WASHINGTON (AP) -- Companies that reduced their U.S. tax bill by incorporating overseas did $1 billion worth of business with the federal government last year, an Associated Press computer analysis of federal contracts showed.
The Bermuda-based consulting company Accenture Ltd., a spinoff of the former Big Five accounting firm Arthur Andersen, was the biggest federal customer. It received $662 million in contracts between Oct. 1, 2001, and Sept. 30, 2002, mostly from the Transportation Security Administration.
The engineering firm Foster Wheeler Ltd. received $293.2 million. Ingersoll-Rand Co. Ltd., which boasts that its equipment helped carve Mount Rushmore, received $7.6 million.
During the federal fiscal year that ended in September 2001, companies with offshore headquarters received $846 million in federal contracts, according to the House Ways and Means Committee's Democratic staff.

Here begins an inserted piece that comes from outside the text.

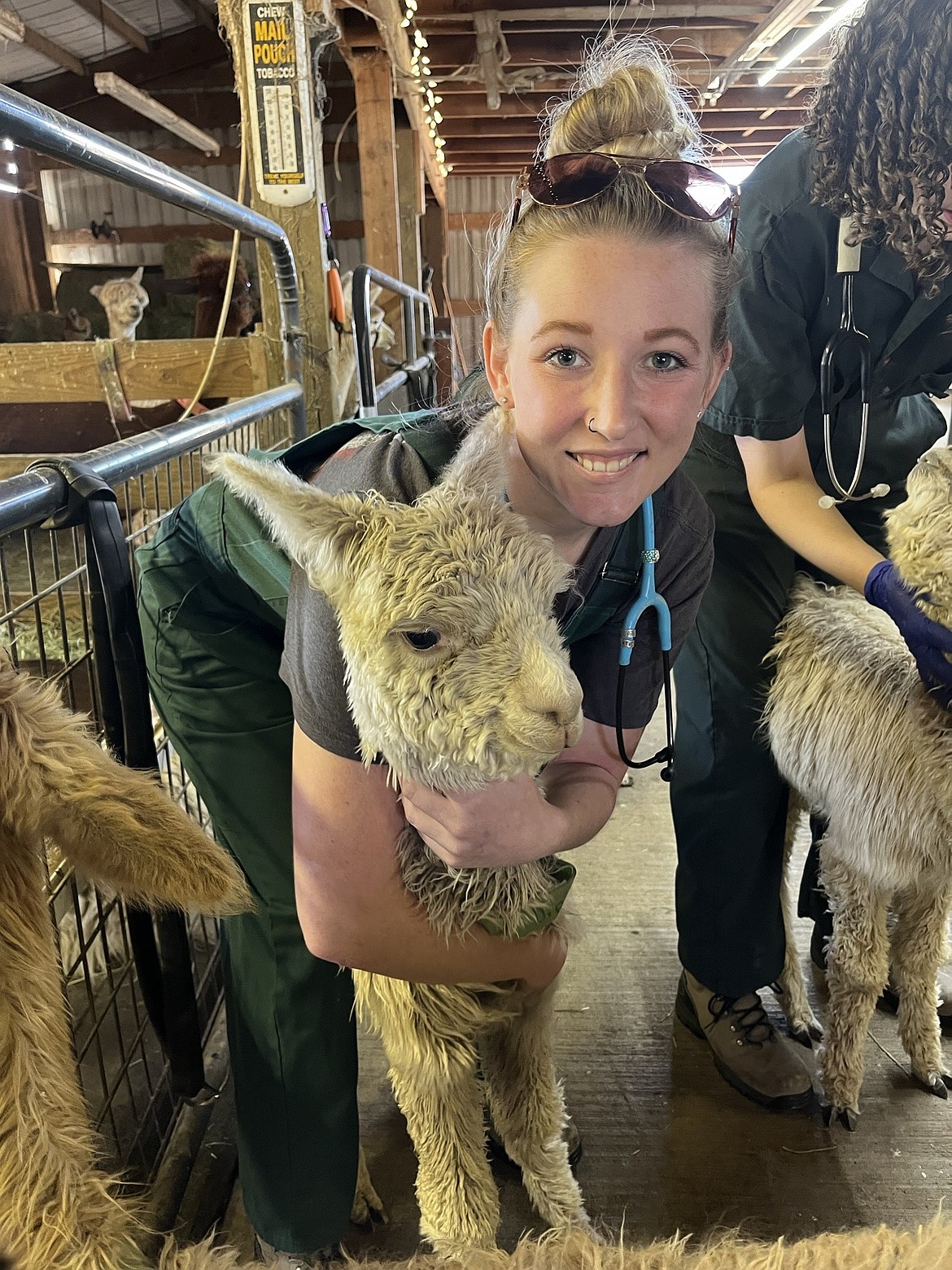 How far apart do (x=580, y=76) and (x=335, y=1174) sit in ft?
5.56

"It's outrageous that we would do business with these folks," said Rep. Richard Neal, D-Mass., who has introduced legislation to continue taxing companies that move their headquarters overseas. "They are shirking their citizenship."
How it's done
The process is known as corporate inversion: A company moves its headquarters -- sometimes nothing more than a post office box -- to a low-tax enclave such as Bermuda or the Cayman Islands while leaving its operations and employees in the United States.
The Senate twice has passed legislation to prevent the new Homeland Security Department from doing business with companies that relocate overseas, but both times the provision was removed from the final bill by House Republican leaders.

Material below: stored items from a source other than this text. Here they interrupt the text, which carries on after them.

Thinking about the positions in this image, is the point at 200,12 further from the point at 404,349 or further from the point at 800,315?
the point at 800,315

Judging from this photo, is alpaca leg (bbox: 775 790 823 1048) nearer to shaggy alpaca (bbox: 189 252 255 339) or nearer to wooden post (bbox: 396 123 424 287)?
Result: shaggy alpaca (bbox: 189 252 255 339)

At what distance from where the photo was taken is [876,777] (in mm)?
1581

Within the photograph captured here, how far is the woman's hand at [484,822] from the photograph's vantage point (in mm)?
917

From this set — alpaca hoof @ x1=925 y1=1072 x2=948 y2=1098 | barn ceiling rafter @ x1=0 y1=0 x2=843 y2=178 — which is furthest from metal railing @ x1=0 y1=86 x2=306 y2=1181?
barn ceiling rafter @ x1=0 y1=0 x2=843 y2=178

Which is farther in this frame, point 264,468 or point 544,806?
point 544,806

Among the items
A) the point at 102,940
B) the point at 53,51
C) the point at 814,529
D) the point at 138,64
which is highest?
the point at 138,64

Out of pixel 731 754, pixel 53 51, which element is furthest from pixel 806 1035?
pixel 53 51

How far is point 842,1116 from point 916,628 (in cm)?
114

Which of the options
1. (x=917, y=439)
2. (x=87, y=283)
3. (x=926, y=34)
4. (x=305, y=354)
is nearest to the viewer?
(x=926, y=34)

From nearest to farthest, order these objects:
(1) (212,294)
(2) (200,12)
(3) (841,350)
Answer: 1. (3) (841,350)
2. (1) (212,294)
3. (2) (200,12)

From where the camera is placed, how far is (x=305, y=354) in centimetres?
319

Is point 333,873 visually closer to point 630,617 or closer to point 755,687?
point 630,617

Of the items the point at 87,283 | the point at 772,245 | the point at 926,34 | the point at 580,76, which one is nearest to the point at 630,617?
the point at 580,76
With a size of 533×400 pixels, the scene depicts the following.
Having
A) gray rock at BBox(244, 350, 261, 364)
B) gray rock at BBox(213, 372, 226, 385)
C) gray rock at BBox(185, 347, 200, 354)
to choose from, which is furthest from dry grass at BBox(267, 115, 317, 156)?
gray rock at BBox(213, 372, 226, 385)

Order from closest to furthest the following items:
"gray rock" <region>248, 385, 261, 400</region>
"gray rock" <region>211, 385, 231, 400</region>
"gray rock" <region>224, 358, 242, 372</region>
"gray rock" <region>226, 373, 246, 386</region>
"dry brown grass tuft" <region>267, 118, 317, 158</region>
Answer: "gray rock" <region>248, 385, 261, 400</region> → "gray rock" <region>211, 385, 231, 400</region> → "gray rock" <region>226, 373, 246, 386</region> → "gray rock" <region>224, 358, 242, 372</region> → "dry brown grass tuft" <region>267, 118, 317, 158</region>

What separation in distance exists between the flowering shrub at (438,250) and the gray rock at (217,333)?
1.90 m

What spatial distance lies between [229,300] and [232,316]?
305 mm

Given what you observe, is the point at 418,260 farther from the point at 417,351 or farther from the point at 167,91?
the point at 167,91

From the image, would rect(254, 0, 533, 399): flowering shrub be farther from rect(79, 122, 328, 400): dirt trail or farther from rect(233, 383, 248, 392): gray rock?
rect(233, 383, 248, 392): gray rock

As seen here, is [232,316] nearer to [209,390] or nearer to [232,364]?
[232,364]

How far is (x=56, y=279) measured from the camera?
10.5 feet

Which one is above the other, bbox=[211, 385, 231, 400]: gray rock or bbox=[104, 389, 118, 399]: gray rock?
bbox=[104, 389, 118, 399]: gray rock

Corporations that have moved overseas spent $5 million to lobby Congress and the federal agencies and donated $1.2 million to campaigns in 2001 and 2002, according to an AP analysis of data from Political Money Line, an Internet site.
Why it's done
Company officials said the tax breaks that result from moving their headquarters overseas keep them competitive.
"We felt that American companies, based upon the tax laws that are written today, are clearly put at an economic disadvantage to foreign companies," said Victoria Guennewig, a spokeswoman for Cooper Industries Ltd., a company that makes electrical products and tools. It moved from Houston to Bermuda in 2002 and received $3.6 million in government contracts last year.
Lawmakers estimate corporations that have moved to low-tax countries cost the U.S. treasury $4 billion a year.